Gov. Tom Corbett on Tuesday doled out a portion of Pennsylvania’s $5 million contribution to a $70 million public-private partnership that government and industry officials hope will spark a manufacturing renaissance in the state.
Corbett said two Pittsburgh companies and one in Bucks County will get state funds to hire graduate students from Carnegie Mellon University and Lehigh University to help the companies with projects involving additive manufacturing, a technology that is expected to revolutionize manufacturing.
He made the announcement at Acutronic, a Washington’s Landing aerospace industry supplier that was one of the grant winners. The other two companies are ExOne of Irwin and Paramount Industries of Langhorne.
The value of the grants was not disclosed. CMU mechanical engineering professor O. Burak Ozdoganlar said each dollar from the state will be matched with $1.50 from the three companies and will fund a graduate student’s work for one year. The company contributions could come in the form of providing employees to work on the projects, he said.
Each of the projects involves additive manufacturing. Also known as 3-D printing, the technology has been hailed as the harbinger of the next industrial revolution and the next trillion-dollar industry.
Additive manufacturing enables companies to make finished complex products without bending, molding, welding, grinding and assembling various components. A digital image of the product is sliced into hundreds or thousands of layers the width of a human hair.
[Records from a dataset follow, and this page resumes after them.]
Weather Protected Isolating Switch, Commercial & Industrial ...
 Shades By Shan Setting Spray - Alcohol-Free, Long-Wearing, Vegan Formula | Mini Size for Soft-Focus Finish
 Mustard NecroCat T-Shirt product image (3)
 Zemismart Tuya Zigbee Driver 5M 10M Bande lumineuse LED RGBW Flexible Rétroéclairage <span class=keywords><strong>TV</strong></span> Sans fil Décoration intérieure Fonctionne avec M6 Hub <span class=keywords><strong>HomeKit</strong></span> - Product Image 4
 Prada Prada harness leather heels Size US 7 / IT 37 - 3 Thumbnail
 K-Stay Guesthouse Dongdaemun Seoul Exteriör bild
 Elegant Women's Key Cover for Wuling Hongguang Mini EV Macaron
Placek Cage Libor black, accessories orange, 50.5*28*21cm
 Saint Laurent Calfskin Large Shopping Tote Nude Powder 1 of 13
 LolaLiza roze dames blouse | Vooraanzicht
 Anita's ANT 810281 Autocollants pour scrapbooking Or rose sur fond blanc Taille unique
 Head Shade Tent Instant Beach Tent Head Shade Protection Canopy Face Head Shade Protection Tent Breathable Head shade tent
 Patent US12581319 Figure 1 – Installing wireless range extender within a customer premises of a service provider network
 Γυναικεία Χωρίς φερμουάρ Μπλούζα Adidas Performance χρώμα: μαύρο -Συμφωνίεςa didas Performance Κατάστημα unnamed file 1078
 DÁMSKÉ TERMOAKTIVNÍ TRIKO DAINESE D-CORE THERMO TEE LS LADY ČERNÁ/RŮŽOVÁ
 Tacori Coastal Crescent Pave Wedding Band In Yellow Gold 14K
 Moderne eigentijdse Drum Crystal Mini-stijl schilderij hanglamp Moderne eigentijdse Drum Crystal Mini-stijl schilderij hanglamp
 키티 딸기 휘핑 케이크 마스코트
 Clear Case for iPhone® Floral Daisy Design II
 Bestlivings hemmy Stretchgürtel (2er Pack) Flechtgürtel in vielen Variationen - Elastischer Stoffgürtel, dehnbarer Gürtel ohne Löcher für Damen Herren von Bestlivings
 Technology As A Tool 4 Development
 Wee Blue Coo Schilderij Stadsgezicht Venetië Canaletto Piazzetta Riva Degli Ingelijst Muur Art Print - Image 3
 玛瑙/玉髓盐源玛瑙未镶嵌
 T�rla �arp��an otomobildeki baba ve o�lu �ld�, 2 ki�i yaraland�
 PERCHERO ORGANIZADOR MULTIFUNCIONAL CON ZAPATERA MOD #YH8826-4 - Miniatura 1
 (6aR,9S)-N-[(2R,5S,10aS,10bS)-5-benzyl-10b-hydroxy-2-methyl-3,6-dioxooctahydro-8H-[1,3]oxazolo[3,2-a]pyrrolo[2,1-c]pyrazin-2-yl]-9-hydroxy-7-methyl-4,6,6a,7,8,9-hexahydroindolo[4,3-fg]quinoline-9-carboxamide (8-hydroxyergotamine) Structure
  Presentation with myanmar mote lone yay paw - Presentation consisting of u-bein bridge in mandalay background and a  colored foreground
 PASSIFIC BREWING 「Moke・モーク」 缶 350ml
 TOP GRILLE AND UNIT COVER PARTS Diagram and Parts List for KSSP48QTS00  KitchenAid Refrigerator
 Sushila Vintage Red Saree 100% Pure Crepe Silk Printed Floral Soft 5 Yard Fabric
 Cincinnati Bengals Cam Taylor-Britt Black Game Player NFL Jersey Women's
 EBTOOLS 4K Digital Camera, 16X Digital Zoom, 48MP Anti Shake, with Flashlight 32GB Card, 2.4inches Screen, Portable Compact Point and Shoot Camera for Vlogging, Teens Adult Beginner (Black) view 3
A 3-D printer similar to a laser-jet printer sprays layers of powdered metals or other materials and sand into a box, binding them together with a proprietary liquid. Once each layer is printed, the sand is vacuumed away, and the finished part is hardened in a furnace.
The state’s commitment of $5 million in $1 million installments helped a consortium of businesses and universities in Pennsylvania, northeast Ohio and West Virginia win $30 million in federal funding to start the National Additive Manufacturing Innovation Institute. Companies, universities and governments will provide the other $40 million.
Ozdoganlar estimated that $1 million in state funds could support 12 to 15 internships at CMU and Lehigh, the schools Corbett selected for the program in June.
The institute, based in Youngstown, Ohio, is one of 15 manufacturing institutes proposed by President Barack Obama as part of his strategy to revitalize manufacturing.
CMU, University of Pittsburgh, Robert Morris University and Penn State University are contributing to the additive manufacturing initiative. Companies supporting the effort include Allegheny Technologies, a Pittsburgh specialty metals producer, and Kennametal, a Latrobe-area tool supplier.